RUMO AO FAROL - VIRGINIA WOOLF
São seis da tarde, tenho a janela aberta do meu quarto, os pássaros cantam nos beirais das janelas e nas cordas do meu estendal. Hoje o som do balidos das ovelhas não se ouviu; devem ter escolhido outro caminho para o pasto, há vários dias que só lhes oiço o silêncio.
Rumo ao Farol perde-se ainda em cima da minha secretária embora já tenha terminado a sua leitura à dias; ficará ainda mais algum tempo aqui, ficará porque preciso dele. Preciso de lhe sentir os passos e preciso da esperança, do ridículo, da subtileza, da beleza e da simplicidade de Mrs. Ramsay.
Mais do que Mrs. Ramsay, necessito de Virginia Woolf; da sua maneira única de escrever, da sua falta de confiança na realidade - também não a tenho - na sua abordagem com particular valorização na personagem, neste ser humano vivo, pulsante e controverso a quem a alma também de si humana se remexe e desfaz.
Ela; Virginia Woolf, compreendeu essa alma difusa que se distancia da realidade e questiona-a melhor do que ninguém.
A subtileza com que dilui a condição da mulher; o que dela se espera em comparação ao que se espera do homem.
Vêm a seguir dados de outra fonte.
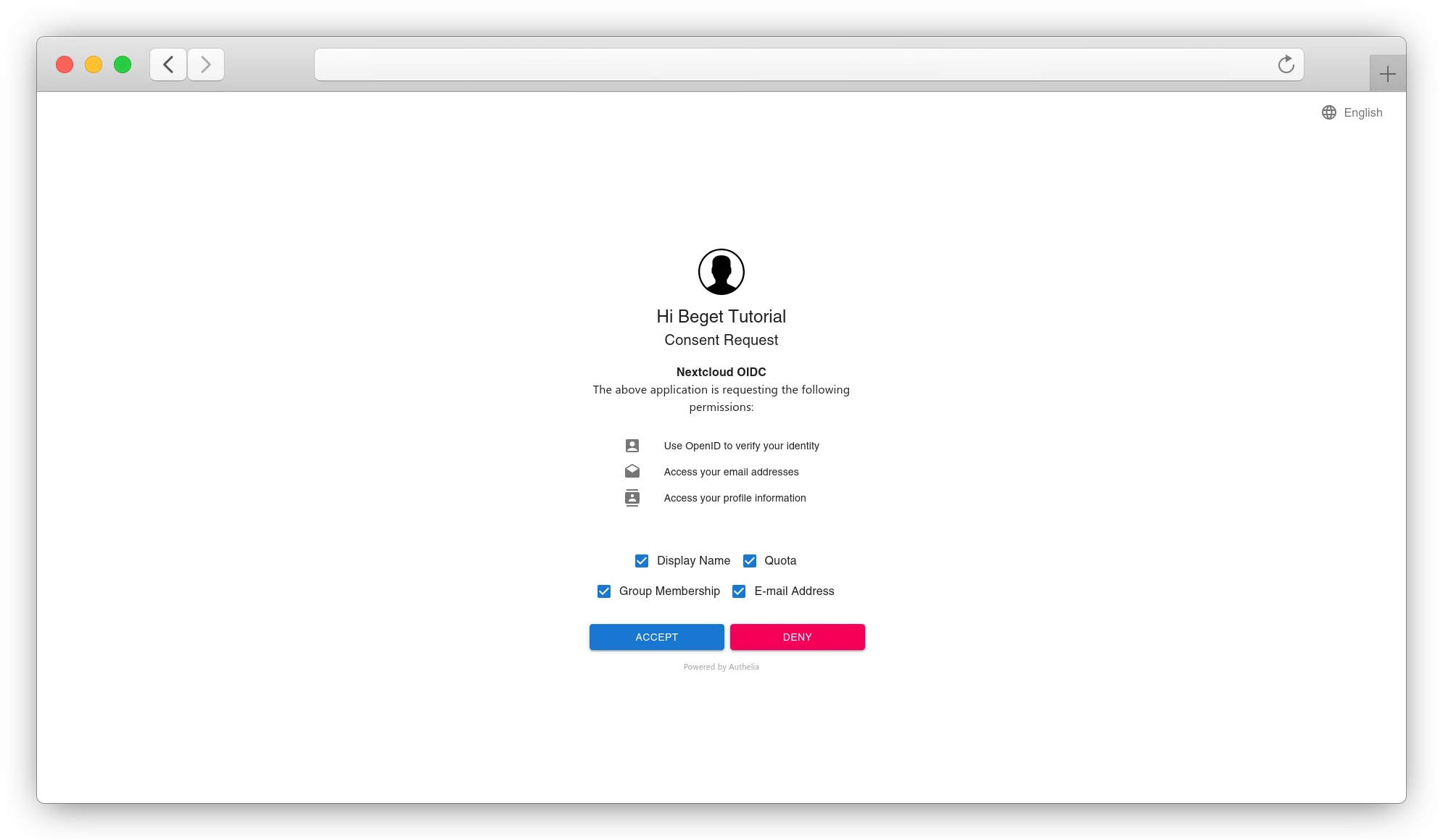 nextcloud разрешения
Aquele irmão que cresceu e está ao nosso lado está sujeito a outras pressões e a outras divisões dos sentidos.
A mulher que nunca casou, talvez porque era bastante fria, distante e independente; e todos esses adjetivos tornavam-se um rasto de qualquer coisa, algo único que agrada a outras mulheres que a conseguem compreender, mas que não agradará decerto a nenhum homem.
Virginia Woolf desenha a vida de Mr. Ramsay e Mrs. Ramsay como um casal perfeito aos olhos alheios; ele professor, escritor, filosofo de relativo sucesso; ela mulher, mãe de oito filhos e extremamente bela.
Ele, por vezes, impulsivo e desagradável, ela, contida, amante, mulher, serena e respeitada, enfim, mais do que tudo, amada.
O livro é uma ode à palavra amada; Mrs. Ramsay tem uma magnitude espontânea perante todos e todos a amam. É dificil compreender como uma mulher com este estatuto consegue ser subjugada pelo marido; o seu temperamento difuso, a sua falta de humanidade, os seus gestos bruscos subjugavam-na e ela sente-se pequenina e jamais consegue dizer-lhe o que sente; nem sequer a palavra amor.
É intuitivo a maneira como ela, perante ele, se cala. Fica o silêncio, cavo e profundo de alguém que se sente acuada pelo próprio amor, profundamente marcada pela complexidade das coisas.
Aqui vai um exemplo; "... dos dois, era ele infinitamente o mais importante, e aquilo que Mrs. Ramsay dava ao mundo, em confronto com aquilo que o marido dava, era desprezível; mas, uma vez mais, era também o resto - o não ser capaz de lhe dizer a verdade, o ter receio, por exemplo, de lhe falar do telhado da estufa e da despesa que levaria..."
Há alguns anos, se alguém me perguntasse qual ou quais os meus escritores favoritos eu calava-me e procurava nas minhas estantes; para mim, na maioria das vezes o último livro lido era um exemplo.
Hoje, posso dizer que Virginia Woolf faz parte de um grupo de escritoras mulheres de quem eu tudo quero ler; a obra, a vida, os diários.
Virginia Woolf é garantidamente uma referência e uma paixão; é também uma inspiração.